While most of the talk about the Olympics returning to China has centered on the 2022 Winter Games, it turns out the Summer Olympics may also be coming back to China, too.
As incredible as that sounds, lawmakers in Chengdu – which one forecast says will among the world’s top 30 cities by 2035 – have targeted hosting the 2036 Olympics
Ahead of the more famous national “Two Sessions” held each year in Beijing, cities around the country hold their own local editions, in part to figure out what proposals can be submitted to the main political council in the capital.
Pu Hu, a member of the CPPCC Chengdu Committee, recently submitted a proposal which calls for the city to bid for the 2036 Olympic Games. That sounds like a bold move, but there are a few connections here: at the closing ceremony of the recent Pyeongchang Olympics, China basically marketed itself as the home of pandas – and, as anyone Chinese person can tell you, Chengdu is where most of the cuddly creatures are found. What’s more, there’s even an official “Olympics Panda Family” at the Chengdu Panda Breeding Center.
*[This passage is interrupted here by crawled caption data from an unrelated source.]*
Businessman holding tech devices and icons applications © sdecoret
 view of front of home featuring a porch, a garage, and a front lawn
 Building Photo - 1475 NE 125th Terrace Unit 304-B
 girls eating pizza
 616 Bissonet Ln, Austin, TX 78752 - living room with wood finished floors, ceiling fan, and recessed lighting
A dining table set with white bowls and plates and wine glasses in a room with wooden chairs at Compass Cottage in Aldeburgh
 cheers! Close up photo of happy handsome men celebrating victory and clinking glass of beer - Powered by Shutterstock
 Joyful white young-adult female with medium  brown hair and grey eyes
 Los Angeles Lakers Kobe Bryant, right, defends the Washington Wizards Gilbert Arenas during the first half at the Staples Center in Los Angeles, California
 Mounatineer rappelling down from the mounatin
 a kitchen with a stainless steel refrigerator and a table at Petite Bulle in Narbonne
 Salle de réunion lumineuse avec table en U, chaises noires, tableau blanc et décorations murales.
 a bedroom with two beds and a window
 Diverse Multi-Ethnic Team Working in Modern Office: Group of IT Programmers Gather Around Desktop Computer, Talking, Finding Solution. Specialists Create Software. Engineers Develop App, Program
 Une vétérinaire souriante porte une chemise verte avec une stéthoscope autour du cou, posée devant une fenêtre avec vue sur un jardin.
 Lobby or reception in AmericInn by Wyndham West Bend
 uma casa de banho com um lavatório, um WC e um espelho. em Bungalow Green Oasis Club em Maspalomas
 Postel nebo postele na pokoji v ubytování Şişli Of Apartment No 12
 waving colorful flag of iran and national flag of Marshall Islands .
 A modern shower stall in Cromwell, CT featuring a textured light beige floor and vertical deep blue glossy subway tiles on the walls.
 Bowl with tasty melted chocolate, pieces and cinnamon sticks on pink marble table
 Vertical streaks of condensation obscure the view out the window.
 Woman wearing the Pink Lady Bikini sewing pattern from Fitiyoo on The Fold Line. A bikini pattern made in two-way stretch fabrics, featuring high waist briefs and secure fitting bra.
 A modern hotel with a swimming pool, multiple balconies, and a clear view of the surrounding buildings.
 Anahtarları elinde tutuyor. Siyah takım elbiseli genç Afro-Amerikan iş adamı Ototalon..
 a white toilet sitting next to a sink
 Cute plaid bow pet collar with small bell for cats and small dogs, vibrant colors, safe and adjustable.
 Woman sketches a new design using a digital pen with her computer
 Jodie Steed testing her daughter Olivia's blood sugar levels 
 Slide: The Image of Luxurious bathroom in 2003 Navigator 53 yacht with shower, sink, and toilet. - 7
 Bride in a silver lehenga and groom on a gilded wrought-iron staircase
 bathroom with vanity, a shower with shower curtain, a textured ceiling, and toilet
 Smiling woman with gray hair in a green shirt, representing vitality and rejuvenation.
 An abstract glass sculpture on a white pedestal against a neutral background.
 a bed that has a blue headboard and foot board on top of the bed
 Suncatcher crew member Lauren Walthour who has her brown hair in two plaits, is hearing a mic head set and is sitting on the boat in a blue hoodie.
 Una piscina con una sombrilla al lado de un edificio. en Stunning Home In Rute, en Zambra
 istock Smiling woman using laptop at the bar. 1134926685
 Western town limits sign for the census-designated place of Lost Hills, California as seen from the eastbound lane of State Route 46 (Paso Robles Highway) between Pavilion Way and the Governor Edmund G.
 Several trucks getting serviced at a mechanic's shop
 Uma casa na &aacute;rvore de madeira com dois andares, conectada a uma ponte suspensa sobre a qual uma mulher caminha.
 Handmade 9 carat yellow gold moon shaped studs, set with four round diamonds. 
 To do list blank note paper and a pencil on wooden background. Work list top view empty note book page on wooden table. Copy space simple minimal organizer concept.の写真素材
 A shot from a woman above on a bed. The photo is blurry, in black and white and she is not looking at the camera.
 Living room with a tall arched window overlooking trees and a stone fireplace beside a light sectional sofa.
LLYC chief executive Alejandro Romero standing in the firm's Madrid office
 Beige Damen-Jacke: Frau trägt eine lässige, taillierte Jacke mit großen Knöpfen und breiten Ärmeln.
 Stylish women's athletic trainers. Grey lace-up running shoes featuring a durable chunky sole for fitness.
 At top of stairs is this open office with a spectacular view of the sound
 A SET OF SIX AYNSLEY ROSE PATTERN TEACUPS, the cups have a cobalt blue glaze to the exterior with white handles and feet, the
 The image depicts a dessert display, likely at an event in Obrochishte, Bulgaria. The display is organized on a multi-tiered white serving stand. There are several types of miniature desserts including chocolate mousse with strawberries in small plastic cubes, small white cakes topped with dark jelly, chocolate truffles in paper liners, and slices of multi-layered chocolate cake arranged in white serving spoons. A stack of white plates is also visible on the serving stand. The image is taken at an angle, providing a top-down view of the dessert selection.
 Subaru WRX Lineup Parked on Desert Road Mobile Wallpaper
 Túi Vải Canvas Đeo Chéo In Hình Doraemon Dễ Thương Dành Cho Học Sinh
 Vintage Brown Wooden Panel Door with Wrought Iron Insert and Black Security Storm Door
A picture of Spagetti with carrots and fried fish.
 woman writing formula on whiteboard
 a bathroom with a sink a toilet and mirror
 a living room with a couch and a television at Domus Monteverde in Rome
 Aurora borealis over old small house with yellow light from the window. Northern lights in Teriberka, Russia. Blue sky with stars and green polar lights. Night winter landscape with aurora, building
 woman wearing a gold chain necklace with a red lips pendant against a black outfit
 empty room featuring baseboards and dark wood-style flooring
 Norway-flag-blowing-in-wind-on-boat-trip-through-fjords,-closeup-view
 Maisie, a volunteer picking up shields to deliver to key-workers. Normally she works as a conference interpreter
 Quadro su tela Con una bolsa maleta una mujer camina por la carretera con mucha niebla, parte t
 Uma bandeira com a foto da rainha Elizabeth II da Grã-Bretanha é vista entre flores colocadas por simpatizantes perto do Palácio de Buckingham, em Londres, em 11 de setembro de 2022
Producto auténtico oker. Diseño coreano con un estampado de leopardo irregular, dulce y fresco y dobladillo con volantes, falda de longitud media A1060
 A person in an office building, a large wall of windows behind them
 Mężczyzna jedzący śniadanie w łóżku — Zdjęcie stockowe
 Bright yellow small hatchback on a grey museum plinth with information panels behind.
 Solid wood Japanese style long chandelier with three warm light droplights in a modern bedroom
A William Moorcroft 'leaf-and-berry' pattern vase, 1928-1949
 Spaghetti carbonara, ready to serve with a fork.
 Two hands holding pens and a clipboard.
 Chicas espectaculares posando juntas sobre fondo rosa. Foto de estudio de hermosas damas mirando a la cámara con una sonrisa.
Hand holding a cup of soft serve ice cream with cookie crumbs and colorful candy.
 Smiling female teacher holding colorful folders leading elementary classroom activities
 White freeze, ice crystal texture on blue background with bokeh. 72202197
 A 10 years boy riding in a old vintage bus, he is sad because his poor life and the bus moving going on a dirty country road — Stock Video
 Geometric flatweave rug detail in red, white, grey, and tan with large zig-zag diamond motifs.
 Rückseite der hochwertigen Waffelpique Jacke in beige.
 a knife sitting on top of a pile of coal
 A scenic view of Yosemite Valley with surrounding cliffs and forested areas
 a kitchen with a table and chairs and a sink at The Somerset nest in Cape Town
Your 2022 Winter Olympics host lit up the Internet with glowing flying pandas https://t.co/OHwpsAQPI0
— TIME (@TIME) February 26, 2018
Pu’s reasoning is that many Chinese cities will be capable of hosting the Olympics 20 years from now, so Chengdu can position itself at the head of the line by taking the initiative now. None of China’s central and western cities have previously held large-scale international sporting events of this type, Pu notes.
A somewhat saner voice comes from Pu’s female colleague, Deng Juqiu, who, while agreeing an Olympics would benefit Chengdu, called for further feasibility studies.
But it’s not just Chengdu that is considering a bid.
While most had assumed that Shanghai would take the reins if China was ever to launch another Summer Games bid, this WeChat article not only discusses how officials in Guangzhou have been weighing up a run at 2032, but that the city of Zhengzhou – in the news recently due to its copycat Bird’s Nest stadium – has also expressed interest in hosting the Olympics.
While actually securing what would be China’s third Olympics remains a long way off, two points are worth making: first, that China’s appetite for staging large, international sporting events won’t even begin to be sated until the FIFA World Cup arrives on these shores; and, second, that China is still seen as a potential “savior” by many of the big sports organizations, especially the IOC.
2022, remember, was “the Olympics that no one wanted” due to profitability concerns, while Paris and Los Angeles have been awarded 2024 and 2028 ostensibly because the IOC couldn’t afford to turn down a major city that actually wanted to host a Games.
It’s very possible, then, that business could return to normal for 2032 and beyond i.e. no cities submit bids. If that is the case, expect the first call the IOC makes to be to Xi Jinping, who, as per last week’s news, will presumably still be in power by then.